“Now you be nice to your sister.” “Make sure you play nice tonight.” “He is such a nice young man.”
As human beings, it seems that we are drawn to niceness. We like nice people and encourage people to behave in nice ways. We dislike people who aren’t nice or who don’t behave in nice ways. We teach our children to be nice and juxtapose niceness with a host of vices: grumpiness, cruelty, mean-spiritedness.

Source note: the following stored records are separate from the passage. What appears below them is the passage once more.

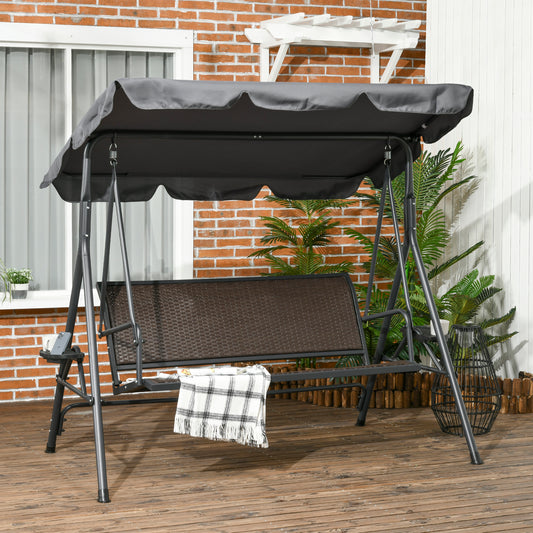 outsunny-3-seater-swing-chair-garden-swing-seat-bench-with-adjustable-canopy-rattan-seat-and-steel-frame-for-patio-yard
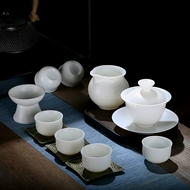 bộ ấm trà gốm Bộ trà Kung Fu bằng sứ đốt thịt cừu béo cao cấp Chengxian Bộ hoàn chỉnh của sứ trắng Dehua phủ bát ấm trà tách trà Bộ gốm ấm gốm pha trà bộ ấm chén đất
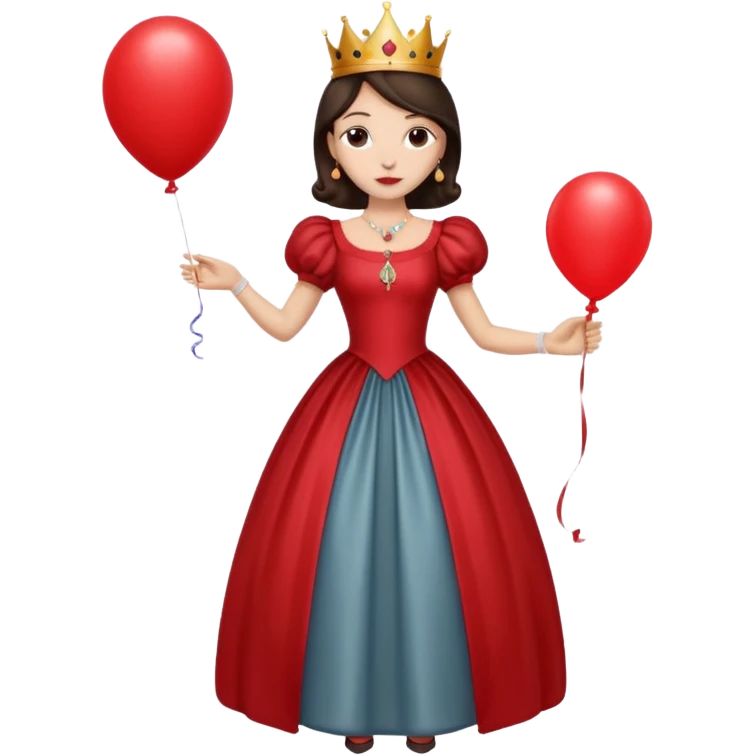 queen wearing dress, holding balloon emoji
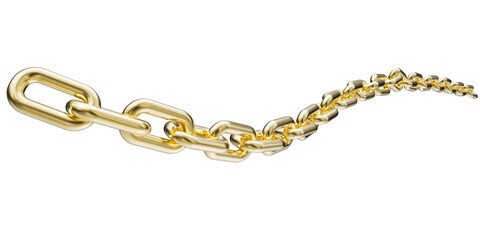Golden chain isolated on a transparent background. 3D render of yellow metal chain.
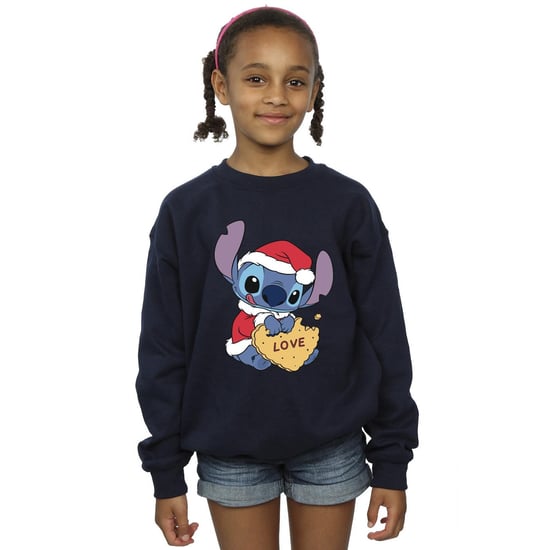 Disney Girls Lilo And Stitch Christmas Love Biscuit Sweatshirt (Navy Blue)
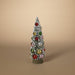 Decorative Christmas tree with colorful ornaments on a beige background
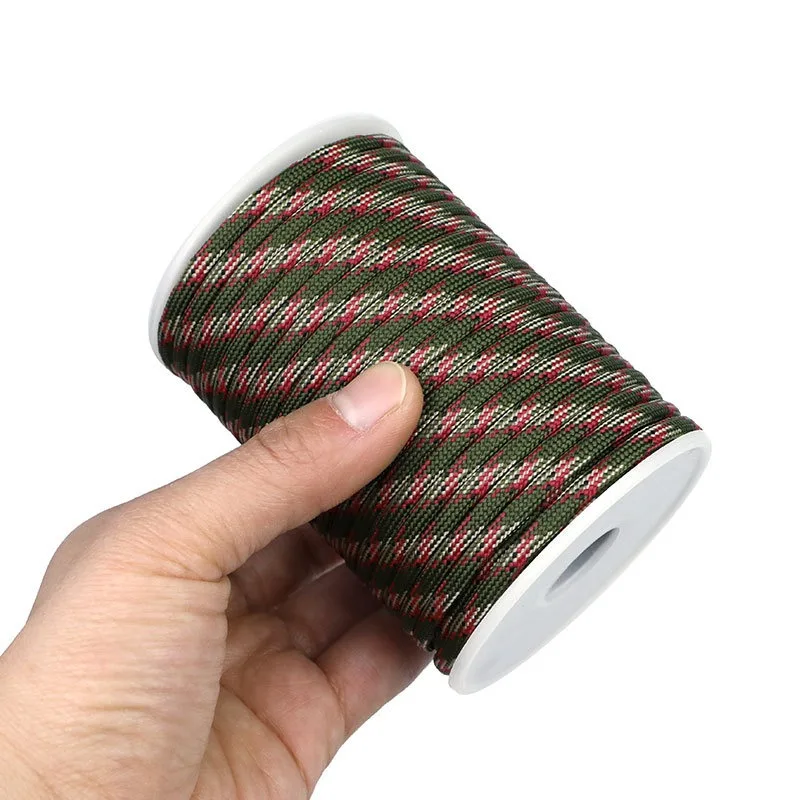Durchmesser 4mm, Länge 30m, aufrollbares neunadriges Paracord-Seil in verschiedenen Farben, geeignet zur Zeltverstärkung, Windseilbefestigung. – Detail 13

In Galatians 5, Paul contrasts the qualities of fleshly, worldly people with the qualities of Spirit-filled, godly people. He lists the fruit of the Spirit, those character traits that ought to mark God’s people, saying, “But the fruit of the Spirit is love, joy, peace, patience, kindness, goodness, faithfulness, gentleness, self-control; against such things there is no law” (vv. 22–23). Conspicuously absent from Paul’s list is niceness. Kindness is there; patience and gentleness too. But not niceness.

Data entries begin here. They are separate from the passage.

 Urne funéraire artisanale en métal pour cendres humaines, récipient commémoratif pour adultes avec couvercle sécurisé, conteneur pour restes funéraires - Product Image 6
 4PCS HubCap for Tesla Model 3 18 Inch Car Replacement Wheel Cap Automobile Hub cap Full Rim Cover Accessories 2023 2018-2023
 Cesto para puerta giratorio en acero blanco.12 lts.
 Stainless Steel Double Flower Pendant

Why isn’t niceness a fruit of the Spirit? Because niceness is a hollow trait that a human can generate even without the inner working of the Holy Spirit. Niceness may require some force of will in the face of disagreement or controversy. It may require restraint. But it does not require an inward transformation.

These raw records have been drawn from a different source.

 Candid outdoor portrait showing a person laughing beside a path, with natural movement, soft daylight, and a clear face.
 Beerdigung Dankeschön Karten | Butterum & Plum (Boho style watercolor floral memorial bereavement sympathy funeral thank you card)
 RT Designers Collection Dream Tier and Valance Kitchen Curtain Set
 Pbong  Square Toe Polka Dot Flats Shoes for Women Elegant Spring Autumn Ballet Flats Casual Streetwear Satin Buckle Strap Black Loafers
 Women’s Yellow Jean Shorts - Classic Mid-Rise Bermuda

True love, true joy, true faithfulness and gentleness—these are all qualities for which we are completely dependent upon the Holy Spirit’s work in conforming us to the image of Christ through the Word of God. As we immerse ourselves in God’s Word, as we carefully seek God and His will through the Bible, the Holy Spirit gradually but surely grants us these qualities in growing measure. Now we are able to love—truly love—whereas before we could only hate and brood and love selfishly; now we are able to display patience whereas before we would always explode with anger or perhaps simply simmer with anger; now we are able to be gentle whereas before we were so consistently harsh.
But niceness? Niceness doesn’t require that work of the Spirit. In fact, niceness is often a clever ruse Satan employs to fool us into following ungodly leaders. Be careful around nice people. Evil and ungodly men often rely upon niceness to cover their sin. Where Christians can be fast and blunt in defending the truth, unbelievers—and especially unbelievers claiming to be Christians—can look good in contrast. They can seem so nice as they nicely undermine the very foundations of the Christian faith. Their smiles, their soft words, their sympathetic questions, their niceness—these are all tools designed to mask their opposition to God.
It is not bad to be nice. It is not an evil trait. But it is far better to strive for the higher qualities, the Spirit-given qualities of love, joy, peace, patience, kindness, goodness, faithfulness, gentleness, and self-control. Against such things there is no law, because such Spirit-given qualities cannot be faked forever.